Christian Pajek greift mit der Veränderung der Medienlandschaft ein weiteres hochaktuelles Thema auf. Seine Überlegungen zeigen, warum wir als PsychodramatikerInnen zu den durch diesen Wandel angestoßenen gesellschaftlichen Veränderungen viel zu sagen haben.

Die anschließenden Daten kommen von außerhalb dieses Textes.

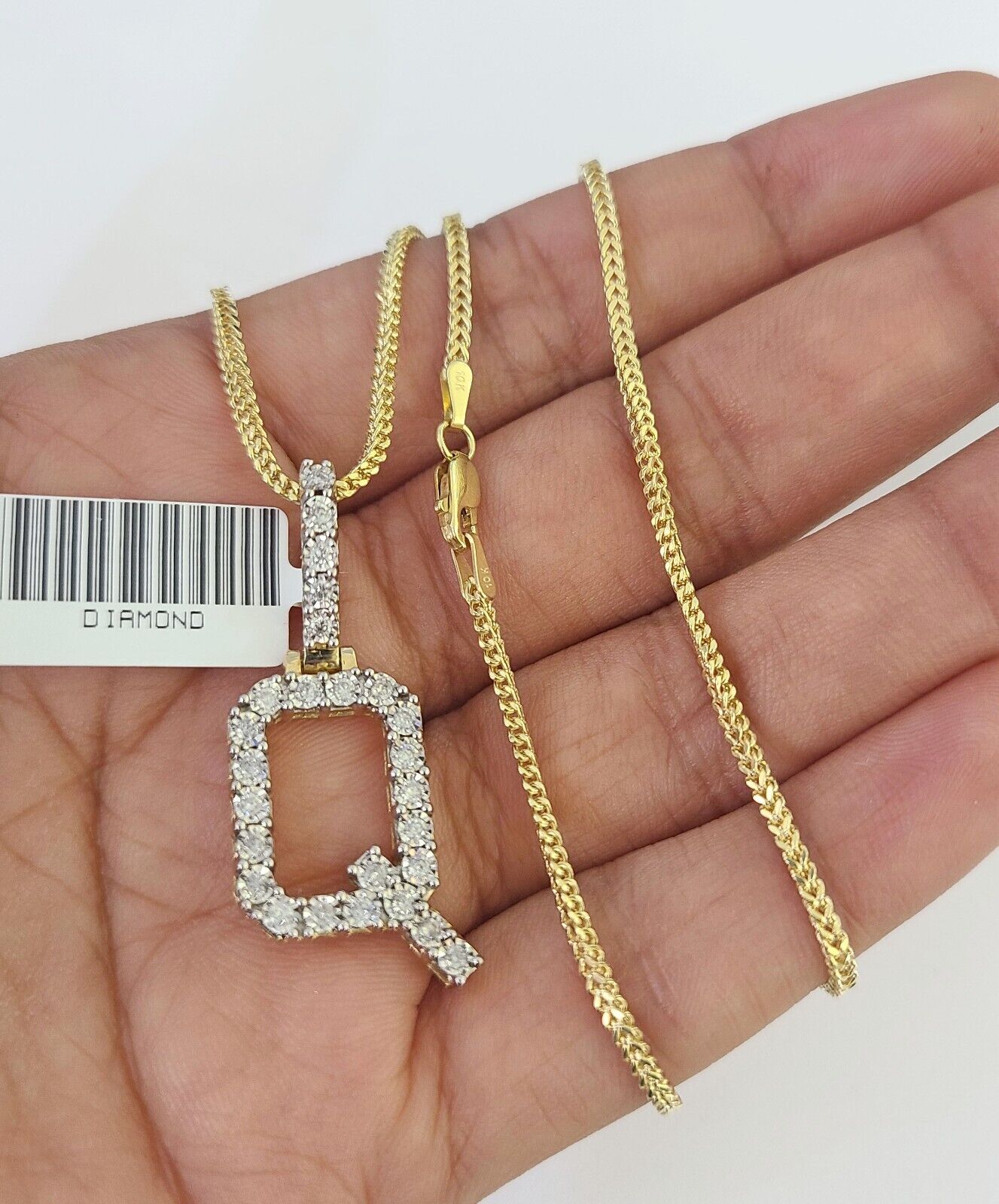 10K Franco Chain Diamond Q Pendant Initial Charm Letter Necklace 18"-24" 1.5mm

Michael Döllers Beitrag „Selbstoptimierung als Akt der Selbstunterwerfung“ eröffnet den Teil des Sonderbands, der sich intensiver mit den verschiedenen Formaten der Beratung und Therapie auseinandersetzt. In seinem eindringlichen Diskussionsbeitrag wird die Tendenz zur Selbstoptimierung als Akt der Selbstunterwerfung unter die Gesetzmäßigkeiten einer post-demokratischen Marktgesellschaft rekonstruiert. Döller sieht psychodramatische Beratung im Hinblick auf diese Entwicklung in der Rolle des Störenfrieds – eine kritische Stellungnahme, die zu einer eigenen Positionsbestimmung einlädt.

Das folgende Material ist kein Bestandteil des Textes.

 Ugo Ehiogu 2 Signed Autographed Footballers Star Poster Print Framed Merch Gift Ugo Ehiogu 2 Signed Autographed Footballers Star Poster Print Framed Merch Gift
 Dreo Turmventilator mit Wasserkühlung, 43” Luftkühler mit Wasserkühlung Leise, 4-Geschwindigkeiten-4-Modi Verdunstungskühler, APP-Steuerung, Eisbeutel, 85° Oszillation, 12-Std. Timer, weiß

Katja Russo und Bettina Zehetner diskutieren die Folgen der aktuellen gesellschaftlichen Veränderungen für die psychotherapeutische Arbeit. Da, so ihre These, psychisches Leiden immer einen Spiegel gesellschaftlicher Verhältnisse darstellt, haben psychosoziale Beratung und Psychotherapie den Auftrag, die Zusammenhänge zwischen gesellschaftlichen Lebensbedingungen und individuellem Leiden aufzeigen. Wenn sie darauf hinweisen, dass Psychotherapie immer im Spannungsfeld von Ermächtigung und Normierung agiert, greifen sie die in Döllers Beitrag bereits angeschnittene Frage auf, inwieweit psychodramatische Praxis zu einer Veränderung gesellschaftlicher Verhältnisse beitragen kann oder – schlimmstenfalls – nur zu einer Affirmation dieser Verhältnisse beiträgt. Ein besonderer Fokus des Artikels liegt auf Gender-bezogenen Fragestellungen.

Sebastian Verbeek und Eckhard Frick widmen sich einem besonderen Aspekt an der Schnittstelle von gesellschaftlichen Veränderungen und psychotherapeutischer Arbeit, nämlich dem heute zunehmend zu beobachtenden „narzisstischen Hunger“ nach Selbstinszenierung. Die Autoren unterscheiden verschiedene Erscheinungsformen des Narzissmus und geben auf dieser Basis Empfehlungen für die psychodramatische Praxis.

Klaudia Niepenberg beschreibt den mit ökonomischen Zwängen gepaarten Leistungsdruck („effektiv, hochwertig, kostengünstig“) in der sozialen Arbeit, hinter dem Werte wie Menschlichkeit und Solidarität zurückzutreten drohen. Das Psychodrama kann, so ihre These, dazu beitragen, die gewachsenen Konserven der sozialen Arbeit zu durchbrechen und diesen Werten wieder zu stärkerer Geltung zu verhelfen.

Michael Döller greift die aktuellen Veränderungen in der Arbeitswelt und das in der Organisationswelt zurzeit vieldiskutierte Leitbild der agilen Organisation auf. Von seiner sehr anschaulichen Beschreibung der Lage ausgehend weist Döller auf die Paradoxien hin, die die aktuelle Situation prägen. Das Psychodrama sieht er als Ansatz für eine Entwicklung hin zu einer echten Partnerschaftlichkeit zwischen UnternehmerInnen, Führungskräften und MitarbeiterInnen, die diese Paradoxien abmildern könnte.

Matthias Spörrle, Thomas Schneidhofer und Linda Hillinger analysieren die Auswirkungen des gesellschaftlichen Wandels auf das Arbeitsfeld Coaching. Ihr unkonventioneller Blick auf das Thema umfasst dabei auch in den Coaching-Diskursen weniger beachtete Aspekte.

Das letzte Wort hat wiederum Ferdinand Buer, der mit seinem Text „Lebensqualität heute. Was Hartmut Rosa und J. L. Moreno uns dazu sagen können“ ein Thema seines Eröffnungsbeitrages aufgreift und vertieft und damit den thematischen Bogen dieses Sonderbands beschließt.

Die Redaktion der ZPS wünscht eine anregende Lektüre mit zahlreichen Erkenntnissen über eine Zeit im Umbruch!